§ Task objective:
Take the material below and reproduce, word for word, only the lines from the line with "this 640×362 image." through the line with "this 800×452 image.".

§ Exercise data:
=== Begin Enclosure ===

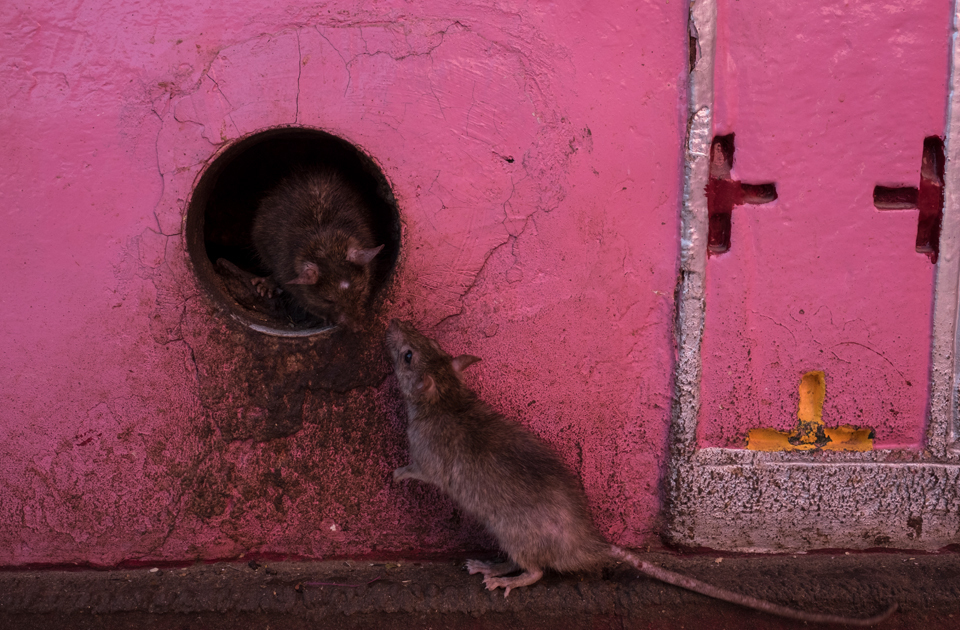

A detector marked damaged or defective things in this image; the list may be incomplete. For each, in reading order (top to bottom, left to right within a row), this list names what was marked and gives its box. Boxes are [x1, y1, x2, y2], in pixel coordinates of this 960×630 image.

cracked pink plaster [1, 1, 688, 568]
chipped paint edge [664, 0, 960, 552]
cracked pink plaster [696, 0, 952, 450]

=== End Enclosure ===
=== Begin Enclosure ===

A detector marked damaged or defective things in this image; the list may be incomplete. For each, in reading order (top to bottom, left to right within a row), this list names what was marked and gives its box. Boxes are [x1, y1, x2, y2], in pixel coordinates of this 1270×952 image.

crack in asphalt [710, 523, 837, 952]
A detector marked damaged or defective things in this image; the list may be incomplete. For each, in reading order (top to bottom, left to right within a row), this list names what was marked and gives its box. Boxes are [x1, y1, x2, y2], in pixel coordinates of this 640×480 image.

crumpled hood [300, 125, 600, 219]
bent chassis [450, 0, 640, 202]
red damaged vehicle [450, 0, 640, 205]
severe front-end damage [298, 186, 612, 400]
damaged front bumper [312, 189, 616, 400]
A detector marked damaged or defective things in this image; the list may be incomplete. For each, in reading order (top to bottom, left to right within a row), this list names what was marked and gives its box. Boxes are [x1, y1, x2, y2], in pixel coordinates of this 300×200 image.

=== End Enclosure ===
=== Begin Enclosure ===

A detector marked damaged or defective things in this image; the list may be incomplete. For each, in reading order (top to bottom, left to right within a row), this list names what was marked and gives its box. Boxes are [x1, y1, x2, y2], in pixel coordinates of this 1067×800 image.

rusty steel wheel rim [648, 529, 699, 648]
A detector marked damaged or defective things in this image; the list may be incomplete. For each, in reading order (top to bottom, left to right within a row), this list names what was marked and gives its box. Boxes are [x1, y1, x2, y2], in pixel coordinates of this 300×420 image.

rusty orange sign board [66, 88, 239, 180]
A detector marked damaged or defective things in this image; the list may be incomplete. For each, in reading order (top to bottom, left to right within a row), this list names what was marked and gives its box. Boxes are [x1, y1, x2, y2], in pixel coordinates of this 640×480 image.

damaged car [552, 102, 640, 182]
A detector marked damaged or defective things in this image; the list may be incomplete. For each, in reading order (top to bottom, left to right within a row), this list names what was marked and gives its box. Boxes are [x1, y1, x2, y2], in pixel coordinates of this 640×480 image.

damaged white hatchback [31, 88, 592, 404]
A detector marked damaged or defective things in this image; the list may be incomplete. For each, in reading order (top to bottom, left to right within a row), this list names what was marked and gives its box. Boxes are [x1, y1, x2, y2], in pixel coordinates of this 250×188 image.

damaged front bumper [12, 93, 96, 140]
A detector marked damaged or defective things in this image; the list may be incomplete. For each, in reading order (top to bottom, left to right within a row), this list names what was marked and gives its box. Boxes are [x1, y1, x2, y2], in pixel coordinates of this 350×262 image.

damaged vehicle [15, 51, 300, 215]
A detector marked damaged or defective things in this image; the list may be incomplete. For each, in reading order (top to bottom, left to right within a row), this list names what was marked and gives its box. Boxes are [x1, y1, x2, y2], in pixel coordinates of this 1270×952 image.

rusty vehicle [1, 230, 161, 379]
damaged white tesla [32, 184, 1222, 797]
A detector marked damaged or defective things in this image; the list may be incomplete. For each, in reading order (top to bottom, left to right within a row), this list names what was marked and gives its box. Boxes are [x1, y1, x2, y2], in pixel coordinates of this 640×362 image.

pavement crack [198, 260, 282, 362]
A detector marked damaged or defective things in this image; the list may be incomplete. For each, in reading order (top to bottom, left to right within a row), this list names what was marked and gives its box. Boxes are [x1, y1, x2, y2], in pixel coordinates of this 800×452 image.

=== End Enclosure ===

§ Output for this exercise:
A detector marked damaged or defective things in this image; the list may be incomplete. For each, in reading order (top to bottom, left to right within a row), this list names what was marked and gives its box. Boxes are [x1, y1, x2, y2], in pixel coordinates of this 640×362 image.

pavement crack [198, 260, 282, 362]
A detector marked damaged or defective things in this image; the list may be incomplete. For each, in reading order (top to bottom, left to right within a row), this list names what was marked and gives its box. Boxes are [x1, y1, x2, y2], in pixel coordinates of this 800×452 image.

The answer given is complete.